» **What to do**
An exact repetition of the data is required; no picture should appear in it.

» **Information provided**
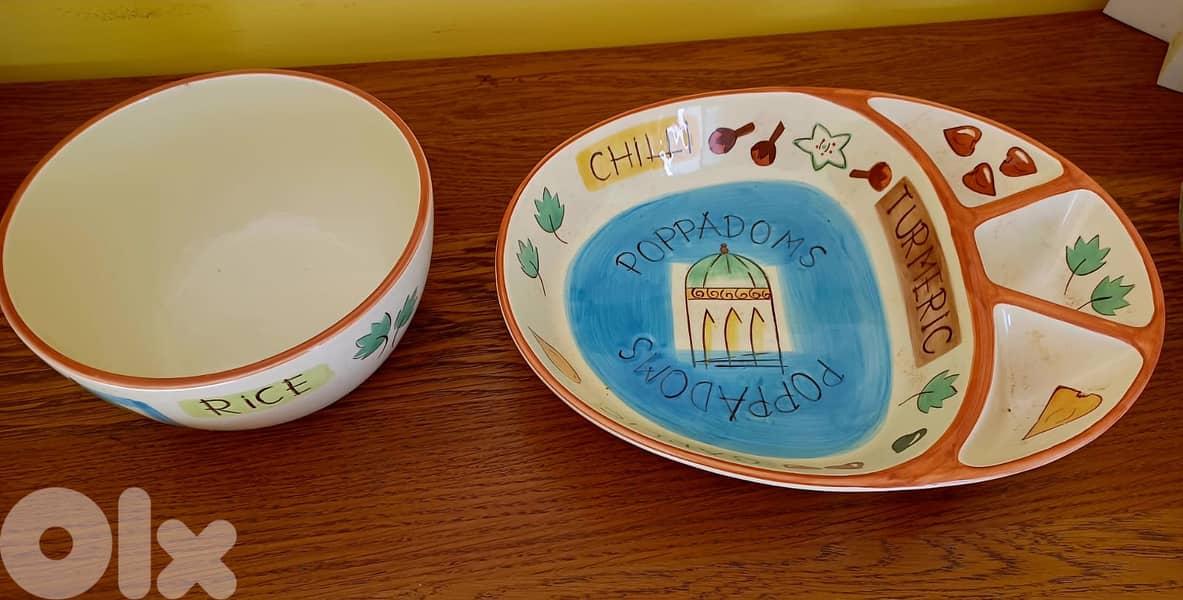 Ceramic Hand-Painted Serving Set (Bowl & Divided Platter) 3
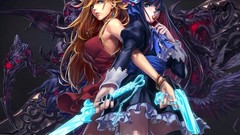 Darkness woman crystals blondes blue hair anime girls anarchy 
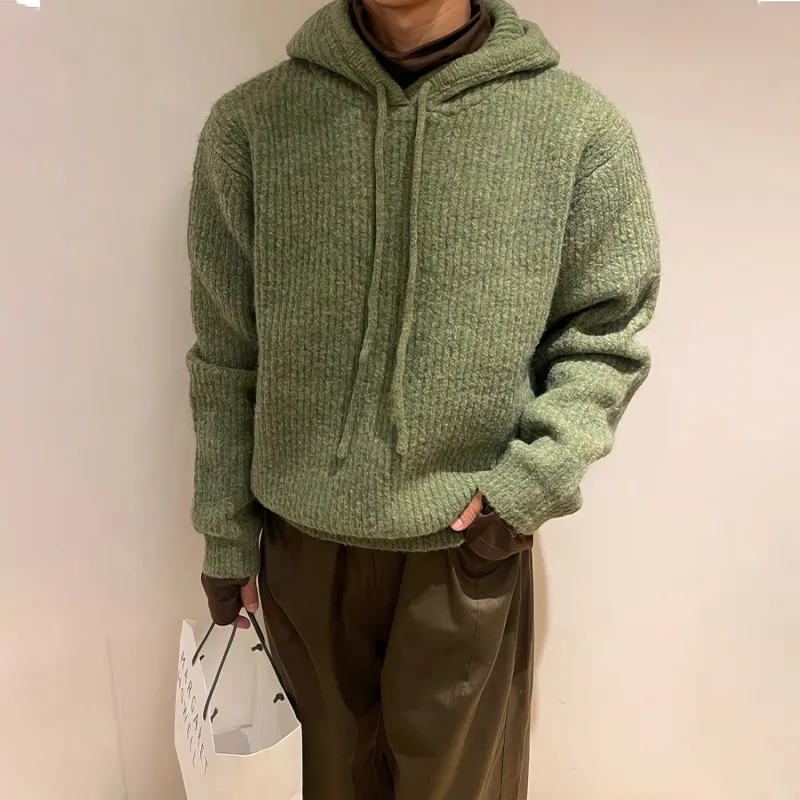 I'm David Knitwear Unisex Army Green-4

» **Answer to the problem**
 Ceramic Hand-Painted Serving Set (Bowl & Divided Platter) 3
 Darkness woman crystals blondes blue hair anime girls anarchy 
 I'm David Knitwear Unisex Army Green-4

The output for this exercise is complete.